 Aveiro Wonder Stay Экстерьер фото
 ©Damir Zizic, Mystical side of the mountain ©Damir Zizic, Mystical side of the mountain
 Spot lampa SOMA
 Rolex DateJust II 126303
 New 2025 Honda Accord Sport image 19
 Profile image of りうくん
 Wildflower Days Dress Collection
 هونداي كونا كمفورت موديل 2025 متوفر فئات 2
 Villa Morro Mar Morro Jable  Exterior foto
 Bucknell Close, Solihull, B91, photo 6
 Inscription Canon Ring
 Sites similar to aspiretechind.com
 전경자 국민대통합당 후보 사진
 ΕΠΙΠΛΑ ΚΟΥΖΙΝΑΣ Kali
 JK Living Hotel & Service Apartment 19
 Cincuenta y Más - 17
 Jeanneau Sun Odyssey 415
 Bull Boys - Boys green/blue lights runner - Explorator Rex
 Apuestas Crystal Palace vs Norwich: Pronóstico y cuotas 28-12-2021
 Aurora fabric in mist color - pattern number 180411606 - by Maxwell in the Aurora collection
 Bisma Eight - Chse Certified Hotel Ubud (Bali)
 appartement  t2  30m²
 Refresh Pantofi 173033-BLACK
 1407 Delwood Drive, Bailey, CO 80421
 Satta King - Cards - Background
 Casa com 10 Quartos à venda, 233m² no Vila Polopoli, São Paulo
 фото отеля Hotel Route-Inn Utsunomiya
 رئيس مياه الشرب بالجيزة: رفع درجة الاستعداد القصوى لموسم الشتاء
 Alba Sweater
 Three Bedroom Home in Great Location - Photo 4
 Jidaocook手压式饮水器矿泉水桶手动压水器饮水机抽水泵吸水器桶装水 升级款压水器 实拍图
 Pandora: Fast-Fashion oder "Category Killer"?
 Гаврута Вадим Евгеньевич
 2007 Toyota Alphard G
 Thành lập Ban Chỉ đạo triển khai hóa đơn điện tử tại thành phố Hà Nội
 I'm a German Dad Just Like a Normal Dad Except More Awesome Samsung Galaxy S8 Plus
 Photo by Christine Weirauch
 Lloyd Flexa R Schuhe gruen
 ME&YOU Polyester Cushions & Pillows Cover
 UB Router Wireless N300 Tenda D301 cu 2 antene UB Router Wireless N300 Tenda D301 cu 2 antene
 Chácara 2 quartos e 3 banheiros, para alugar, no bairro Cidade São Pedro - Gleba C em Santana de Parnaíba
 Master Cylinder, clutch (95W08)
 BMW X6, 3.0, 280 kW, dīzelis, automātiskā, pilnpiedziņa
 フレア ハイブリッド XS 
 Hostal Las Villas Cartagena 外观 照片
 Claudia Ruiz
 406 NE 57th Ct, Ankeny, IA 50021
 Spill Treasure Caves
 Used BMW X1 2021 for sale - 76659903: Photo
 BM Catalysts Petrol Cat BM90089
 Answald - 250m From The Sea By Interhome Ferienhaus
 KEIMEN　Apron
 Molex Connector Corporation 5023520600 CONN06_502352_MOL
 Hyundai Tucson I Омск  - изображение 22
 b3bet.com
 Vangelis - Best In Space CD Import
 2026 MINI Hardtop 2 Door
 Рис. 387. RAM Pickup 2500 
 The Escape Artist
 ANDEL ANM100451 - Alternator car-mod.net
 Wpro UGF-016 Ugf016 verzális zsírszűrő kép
__________________________________________________
REQUIREMENT => Nothing but the lines from the first line of the data through the line with "Bucknell Close, Solihull, B91, photo 6" should be returned, exactly as they appear, both ends included.

YOUR SOLUTION =>
 Aveiro Wonder Stay Экстерьер фото
 ©Damir Zizic, Mystical side of the mountain ©Damir Zizic, Mystical side of the mountain
 Spot lampa SOMA
 Rolex DateJust II 126303
 New 2025 Honda Accord Sport image 19
 Profile image of りうくん
 Wildflower Days Dress Collection
 هونداي كونا كمفورت موديل 2025 متوفر فئات 2
 Villa Morro Mar Morro Jable  Exterior foto
 Bucknell Close, Solihull, B91, photo 6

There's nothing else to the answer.